You would honestly have a point if you were to say that Catholics across the globe seem to genuinely enjoy courting controversy.

Just a few days ago the Vatican promised to “crack down” on “radical feminist” nuns in America.[1] How are they being radical, you might ask? Oh, you know, just suggesting that homosexuality is actually okay.[2] ‘Radical’ things like that. And last month you had the Pope declaring that Marxism “no longer corresponds to reality”.[3] This from a man in a dress and a hat who talks to imaginary men in the sky; the irony is almost palpable.

But here in the UK the local Catholics seem to think that they cannot let the Vatican have all the fun. At least that is what I think is the Catholic Education Services’ reasoning behind encouraging children attending faith schools in England and Wales to sign a petition against gay marriage.[4] Specifically, this petition, one that as of writing has 469,121 signatures and which claims that:

“Throughout history and in virtually all human societies marriage has always been the union of a man and a woman. Marriage reflects the complementary natures of men and women. Although death and divorce may prevent it, the evidence shows that children do best with a married mother and a father.”[5]

We’re talking about a petition with some serious logical fallacies on the go here, people. Throughout history people also kept slaves. And burned witches. I suppose we should start a petition to encourage everyone to hold to those timeless classics as well.

The backers of this petition are using the same outdated, flawed dogmas those who would see homosexuals relegated to second-class citizenship always use, wherever they are in the world. Step up to the plate Bigot-Robe-Dudes (aka. Archbishops) Vincent Nichols and Peter Smith as our example of such silly attitudes and ideas, who state in their letter to faith schools:

“A change in the law would gradually and inevitably transform society’s understanding of the purpose of marriage. It would reduce it just to the commitment of the two people involved.”[6]

Oh look everyone, it’s our old friend the Slippery Slope Fallacy.
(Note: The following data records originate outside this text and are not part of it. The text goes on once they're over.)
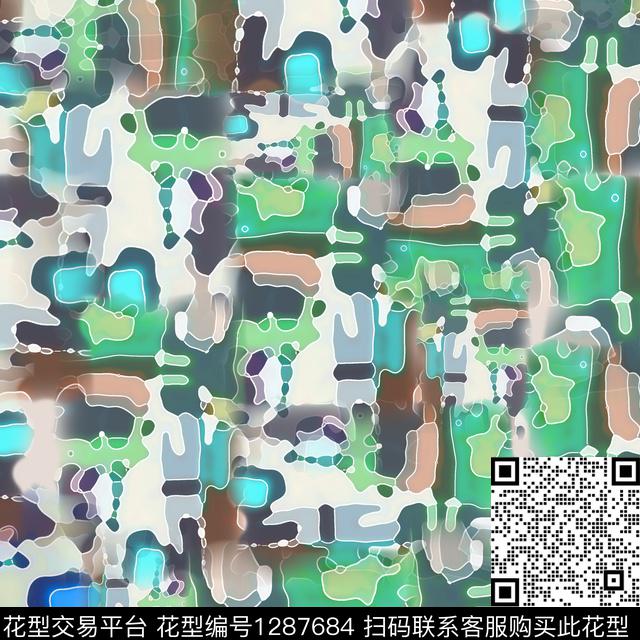 几何抽象肌理图案数码印花华亿平台下载（图片编号: 1287684） - 瓦栏（Walan）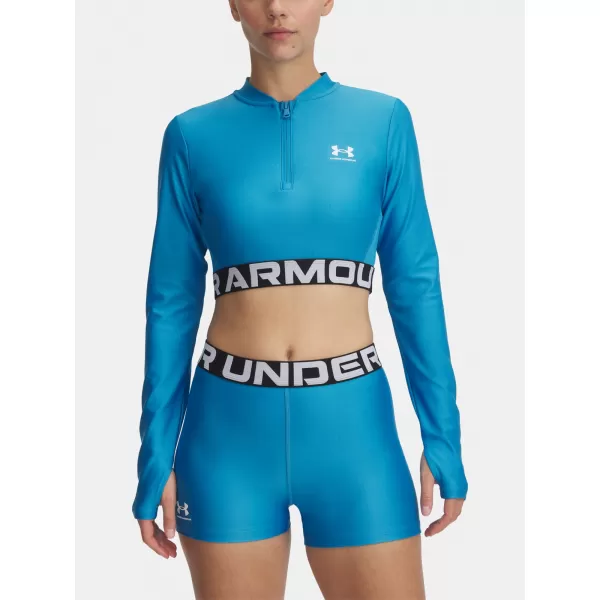 Tricou pentru femei UNDER ARMOUR HEATGEAR RIB 1/4 ZIP LS 1388692-453 ALBASTRU 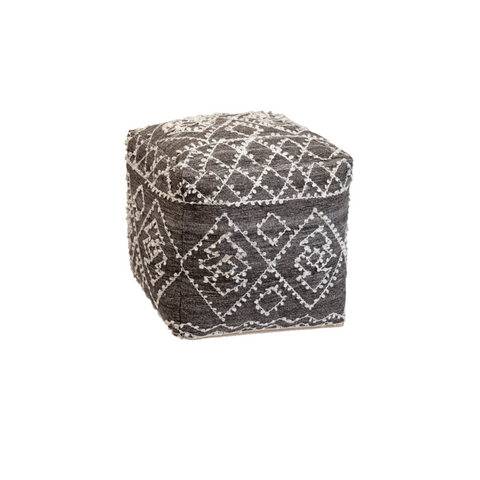 Grey Stitched Pouf wool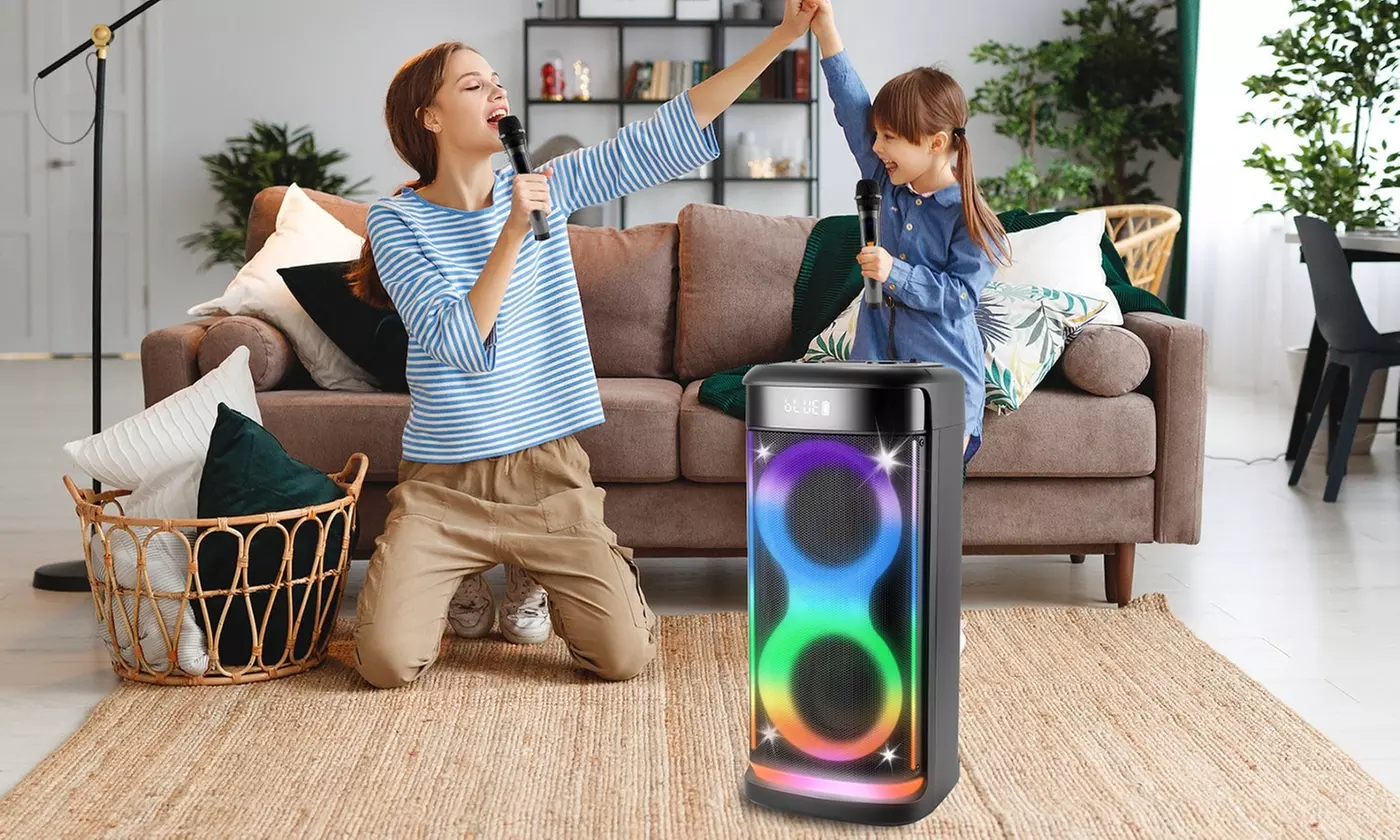 iMounTEK Portable Wireless Party Speaker with LED Light Wireless Mic Remote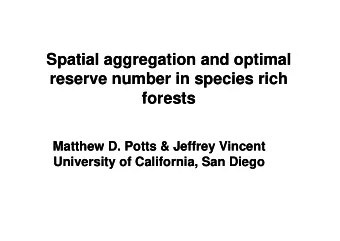 Spatial aggregation and optimal  Spatial aggregation and optimal  p  p  gg  gg  g  g  p  p  reserve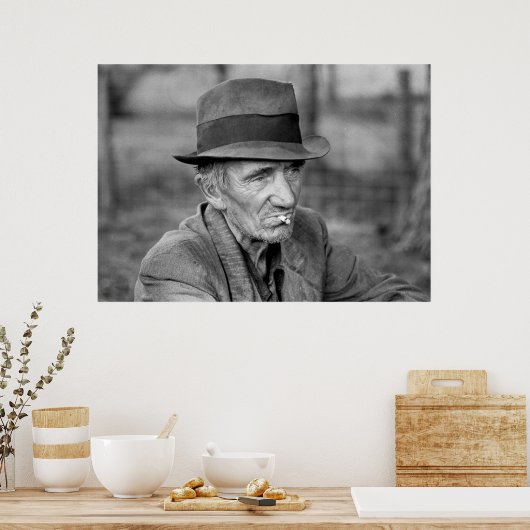 帽子の老人喫煙ヴィンテージ黒と白の写真 ポスター (キッチン)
Gay marriage would cause some catastrophic shift away from the ‘sanctity of marriage’? Where have I heard this one before? At least Nichols and Smith do not claim that gay marriage would lead to people marrying their dogs/children/toasters like some of their fellows on the anti-gay side of the fence do. Case and point Lisa Severine Nolland of Core Issues Trust, the group you may remember trying to get Ex-Gay propaganda smeared across London buses earlier this month.[7]

The reaction from the other side of the fence (my side of the fence, if that was not abundantly clear already) has been swift; the British Humanist Association has condemned the move by the CES and argued that it violates several sections of the 1996 Education Act. The Welsh Government has also stepped up to the plate, promising an investigation into the whole debacle and urging Westminster to do the same.[8] Go on yourselves, Wales.

The CES (and by extension the Catholic Church) and their meddling in the lives of schoolchildren is a very serious issue. It may be faith schools that they are taking advantage of, but do not forget that many of these schools receive government funding.[9] Your taxes are going to help fund schools that allow celibate priests to tell children to campaign against homosexuality.

And yes, that is what they are doing. Let’s make that clear. This is an anti-gay campaign, no matter what spin the CES try to put on it. And spin they are indeed trying to generate; one of their spokeswomen has already said that:

“We said that schools might like to consider using this [letter] in assemblies or in class teaching. We said people might want to consider asking pupils and parents if they might want to sign the petition. It's really important that no school discriminates against any member of the school community.”[10]

Oh, okay then. That makes it totally fine. You’re just suggesting that the schools use the letter. You’re just suggesting that those children sign the homophobic petition. You still totally respect everyone’s’ rights and feelings, and aren’t targeting any one group for discrimination.

Well, alright then. Two can play at this game. Suppose that I merely suggest that the Catholic Church is a horrific, monolithic religious entity that is a great source of hatred and abuse in this world, responsible for untold suffering in Africa and guilty of covering up more child abusers than we will probably ever know about? Suppose that I merely suggest that faith schools have no place in modern society, and should immediately be banned?

That’s not an anti-Catholic statement by your logic, so you cannot get offended.